Почему появился такой нарратив, что тувинцы самые дикие и жестокие?

— В России даже федеральная политика очень ксенофобная, и она была такой всегда, а не только последние 8 лет. Последние 8 лет она была активно антиукраинской, но ксенофобной она была всегда, в том числе в период Советского Союза. Это очень наглядно показано, в частности, на визуальных работах времен Советского Союза, когда в середине полотна стоит славянская белая пара, они очень сильные, показательно свободные, в обычных одеждах, а дальше по обе стороны от них идут пары из других народов Советского Союза, из дружной семьи народов. И все они показательно расиализированы, то есть с более темной кожей, в национальных костюмах. Всегда была доминанта русского народа, который теперь по конституции и вовсе является государствообразующим, поэтому я думаю, что маргинализация нерусских солдат в российской армии — следствие этой политики. Люди из нацреспублик — нерусские, небелые — в российской армии подвергаются большей дискриминации, мы знаем это из рассказов: их чаще отправляют на передовую, в том числе под дулом автомата, они идут на передовую вне зависимости от того, было ли у них обучение, им дается менее качественная экипировка. Нас делают лицом этой войны для того, чтобы потом можно было сказать, что это не русские убивали украинцев, а мы. А русские и украинцы — братья и все в этом духе. Таким образом, я предполагаю, успокаивается население центральной России. Если мы говорим про кремлевский нарратив, то это: «Не переживайте, там воюют не ваши сыновья, а вот эти вот, которые к нам приезжают в Москву».

Почему на войне очень высоки потери среди тувинцев и представителей других нацреспублик?

— В наших республиках, не во всех, но в некоторых, есть военные части. Например, в Бурятии их целых пять, потому что она долгое время была пограничным регионом с Китаем и Монголией — там нужны были военные части. Наши республики являются колониальными, ресурсными придатками, откуда выкачивается очень много ресурсов, а инфраструктура очень неразвита как раз для того, чтобы люди с настолько четко сформированным этносом, нацией, национальным самосознанием, другим языком, совершенно другой историей и опытом систематической дискриминации не дай бог не объединились в желании реализовать конституционное право народа на самоопределение. В Тыве, например, в 2015 году Шойгу построил 55-ю горную мотострелковую бригаду. У нас в республике очень высокий уровень безработицы, и для многих молодых людей это было единственным способом хоть как-то избежать бедности и найти работу. Люди платили, чтобы туда попасть.
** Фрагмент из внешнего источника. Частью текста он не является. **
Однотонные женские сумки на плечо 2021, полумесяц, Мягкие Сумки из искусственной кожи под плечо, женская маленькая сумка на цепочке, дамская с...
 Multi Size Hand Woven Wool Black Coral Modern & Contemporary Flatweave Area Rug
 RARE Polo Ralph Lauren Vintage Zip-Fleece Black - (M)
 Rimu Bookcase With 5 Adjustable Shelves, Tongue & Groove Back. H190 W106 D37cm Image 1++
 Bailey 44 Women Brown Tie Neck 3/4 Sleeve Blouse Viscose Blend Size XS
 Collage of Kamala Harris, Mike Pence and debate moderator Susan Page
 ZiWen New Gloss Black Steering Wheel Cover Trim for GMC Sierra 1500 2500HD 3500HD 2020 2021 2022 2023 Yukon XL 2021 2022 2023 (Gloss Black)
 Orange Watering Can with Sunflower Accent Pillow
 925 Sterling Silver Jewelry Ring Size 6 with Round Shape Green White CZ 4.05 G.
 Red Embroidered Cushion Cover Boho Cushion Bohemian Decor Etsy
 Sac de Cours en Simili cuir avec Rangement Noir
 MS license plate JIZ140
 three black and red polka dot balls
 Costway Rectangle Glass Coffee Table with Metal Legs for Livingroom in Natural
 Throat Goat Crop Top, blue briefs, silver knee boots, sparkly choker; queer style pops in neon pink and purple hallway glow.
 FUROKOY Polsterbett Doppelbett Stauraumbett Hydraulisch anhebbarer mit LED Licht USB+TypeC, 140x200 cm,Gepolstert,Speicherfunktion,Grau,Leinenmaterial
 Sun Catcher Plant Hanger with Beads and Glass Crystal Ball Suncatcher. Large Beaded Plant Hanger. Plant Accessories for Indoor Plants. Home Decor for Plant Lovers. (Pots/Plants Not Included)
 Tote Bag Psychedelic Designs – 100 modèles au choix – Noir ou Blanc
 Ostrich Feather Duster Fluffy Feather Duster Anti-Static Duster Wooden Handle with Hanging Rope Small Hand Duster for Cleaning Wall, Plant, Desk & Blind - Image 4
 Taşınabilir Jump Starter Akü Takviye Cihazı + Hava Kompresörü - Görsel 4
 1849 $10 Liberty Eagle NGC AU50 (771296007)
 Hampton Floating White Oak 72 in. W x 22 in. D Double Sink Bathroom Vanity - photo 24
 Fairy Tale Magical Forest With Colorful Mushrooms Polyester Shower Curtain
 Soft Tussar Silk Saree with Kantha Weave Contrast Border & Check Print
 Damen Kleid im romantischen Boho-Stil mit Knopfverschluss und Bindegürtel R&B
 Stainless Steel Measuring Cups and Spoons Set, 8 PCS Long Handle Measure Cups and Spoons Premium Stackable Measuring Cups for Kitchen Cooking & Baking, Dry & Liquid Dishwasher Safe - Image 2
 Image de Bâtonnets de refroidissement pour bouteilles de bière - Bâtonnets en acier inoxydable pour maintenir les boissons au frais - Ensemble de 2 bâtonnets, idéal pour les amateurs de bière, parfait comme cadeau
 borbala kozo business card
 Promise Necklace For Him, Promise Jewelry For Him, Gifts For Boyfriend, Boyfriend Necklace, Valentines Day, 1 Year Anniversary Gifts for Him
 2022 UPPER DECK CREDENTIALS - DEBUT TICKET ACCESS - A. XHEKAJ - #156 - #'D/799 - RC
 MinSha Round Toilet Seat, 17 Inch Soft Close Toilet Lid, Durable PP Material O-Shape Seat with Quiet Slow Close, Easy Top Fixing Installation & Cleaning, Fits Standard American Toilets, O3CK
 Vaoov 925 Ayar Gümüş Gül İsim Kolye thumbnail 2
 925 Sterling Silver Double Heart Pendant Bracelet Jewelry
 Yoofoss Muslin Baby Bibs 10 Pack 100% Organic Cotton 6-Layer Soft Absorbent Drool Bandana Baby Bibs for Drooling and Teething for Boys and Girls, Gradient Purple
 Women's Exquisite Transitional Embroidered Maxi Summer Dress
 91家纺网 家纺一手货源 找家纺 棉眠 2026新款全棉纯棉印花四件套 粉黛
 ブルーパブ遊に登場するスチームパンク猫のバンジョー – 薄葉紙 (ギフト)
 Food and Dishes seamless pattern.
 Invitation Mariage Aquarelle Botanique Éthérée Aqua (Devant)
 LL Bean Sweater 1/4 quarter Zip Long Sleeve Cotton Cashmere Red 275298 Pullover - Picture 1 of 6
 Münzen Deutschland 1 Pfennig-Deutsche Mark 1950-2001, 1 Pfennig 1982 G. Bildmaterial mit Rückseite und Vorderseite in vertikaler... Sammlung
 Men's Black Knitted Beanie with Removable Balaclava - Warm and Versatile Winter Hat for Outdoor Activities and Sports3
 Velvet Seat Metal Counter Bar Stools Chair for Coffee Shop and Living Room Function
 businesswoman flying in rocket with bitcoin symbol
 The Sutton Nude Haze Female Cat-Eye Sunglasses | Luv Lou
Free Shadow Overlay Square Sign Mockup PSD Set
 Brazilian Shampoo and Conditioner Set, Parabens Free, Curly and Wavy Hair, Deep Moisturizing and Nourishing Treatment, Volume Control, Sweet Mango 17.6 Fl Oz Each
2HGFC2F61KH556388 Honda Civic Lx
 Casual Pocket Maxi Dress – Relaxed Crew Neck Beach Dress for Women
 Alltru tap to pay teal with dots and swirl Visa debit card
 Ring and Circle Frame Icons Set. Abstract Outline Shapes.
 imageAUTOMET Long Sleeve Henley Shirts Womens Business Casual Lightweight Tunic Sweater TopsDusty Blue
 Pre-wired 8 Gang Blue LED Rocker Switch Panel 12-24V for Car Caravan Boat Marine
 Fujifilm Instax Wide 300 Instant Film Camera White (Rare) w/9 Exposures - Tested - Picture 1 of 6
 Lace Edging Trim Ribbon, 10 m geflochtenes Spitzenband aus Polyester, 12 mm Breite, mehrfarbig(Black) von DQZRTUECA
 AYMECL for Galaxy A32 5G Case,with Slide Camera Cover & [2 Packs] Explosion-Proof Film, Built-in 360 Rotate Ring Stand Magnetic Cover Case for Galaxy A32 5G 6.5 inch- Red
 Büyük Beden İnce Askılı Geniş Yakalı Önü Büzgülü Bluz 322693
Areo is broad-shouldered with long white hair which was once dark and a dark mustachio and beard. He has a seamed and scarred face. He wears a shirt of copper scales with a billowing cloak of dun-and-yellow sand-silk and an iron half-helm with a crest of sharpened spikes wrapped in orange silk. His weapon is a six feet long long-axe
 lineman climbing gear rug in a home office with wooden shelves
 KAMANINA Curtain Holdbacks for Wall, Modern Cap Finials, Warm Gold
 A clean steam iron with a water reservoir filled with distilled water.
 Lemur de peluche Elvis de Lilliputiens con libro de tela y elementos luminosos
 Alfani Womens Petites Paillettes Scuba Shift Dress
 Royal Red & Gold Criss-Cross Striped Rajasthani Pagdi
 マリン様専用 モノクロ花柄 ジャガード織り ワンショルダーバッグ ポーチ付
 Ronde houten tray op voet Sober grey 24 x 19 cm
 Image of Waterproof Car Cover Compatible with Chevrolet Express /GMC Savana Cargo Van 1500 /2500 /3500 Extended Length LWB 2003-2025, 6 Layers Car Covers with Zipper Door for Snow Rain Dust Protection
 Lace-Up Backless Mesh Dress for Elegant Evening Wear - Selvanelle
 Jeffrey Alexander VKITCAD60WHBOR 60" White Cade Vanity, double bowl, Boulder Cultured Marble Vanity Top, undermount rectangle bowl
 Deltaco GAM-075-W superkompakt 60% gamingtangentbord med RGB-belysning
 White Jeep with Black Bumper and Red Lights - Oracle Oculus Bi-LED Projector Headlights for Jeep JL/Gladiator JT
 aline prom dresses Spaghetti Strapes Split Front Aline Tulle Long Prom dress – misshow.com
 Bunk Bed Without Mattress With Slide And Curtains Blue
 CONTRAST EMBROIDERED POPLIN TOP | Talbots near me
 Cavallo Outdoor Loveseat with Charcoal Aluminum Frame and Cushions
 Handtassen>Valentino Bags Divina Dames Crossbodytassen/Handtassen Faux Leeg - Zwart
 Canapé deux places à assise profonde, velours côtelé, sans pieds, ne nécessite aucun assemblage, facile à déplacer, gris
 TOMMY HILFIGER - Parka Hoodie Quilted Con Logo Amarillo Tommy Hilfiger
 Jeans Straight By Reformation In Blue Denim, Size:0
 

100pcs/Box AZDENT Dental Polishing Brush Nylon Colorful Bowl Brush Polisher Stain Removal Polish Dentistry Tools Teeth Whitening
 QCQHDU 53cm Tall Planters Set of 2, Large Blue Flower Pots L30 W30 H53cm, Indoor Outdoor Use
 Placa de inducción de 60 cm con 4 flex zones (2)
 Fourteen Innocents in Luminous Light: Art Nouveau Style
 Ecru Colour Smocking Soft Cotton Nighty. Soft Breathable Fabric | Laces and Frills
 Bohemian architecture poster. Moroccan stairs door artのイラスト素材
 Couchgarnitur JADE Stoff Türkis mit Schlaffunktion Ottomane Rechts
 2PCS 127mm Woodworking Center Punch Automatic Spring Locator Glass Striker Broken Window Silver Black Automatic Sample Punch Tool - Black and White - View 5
Кто в 2015-м году мог ожидать, что случится война, и все эти 3000 человек будут отправлены в Украину и умрут там? Очень многие ребята у нас служат в контрактной армии, потому что, опять-таки, это социальный лифт. Шойгу, так случилось, именно из нашей республики, и у нас очень жестко и оперативно работает пропаганда. Я думаю, отчасти это еще и потому, что Тыва имеет самый свежий опыт независимости. Нас присоединили только в 1944 году, собственно, поэтому мы и сохранили свой язык, и многие говорят на тувинском языке. Пропаганда той же «Единой России» и кремлевских настроений очень сильная. Люди уходят в армию, потому что нужно отдавать долг родине. У них меньше понимания, что можно защищать свои права, что можно обратиться к адвокатам. Многие из них жили в селах, где не было доступа к юридической правовой помощи. Даже когда в конце сентября в Кызыле, в Тыве, был женский мирный митинг против мобилизации, ОВД-инфо не смогло прислать адвокатов, потому что их просто не было в этом регионе. Из-за этой совокупности причин в таких регионах больше уровень смертности.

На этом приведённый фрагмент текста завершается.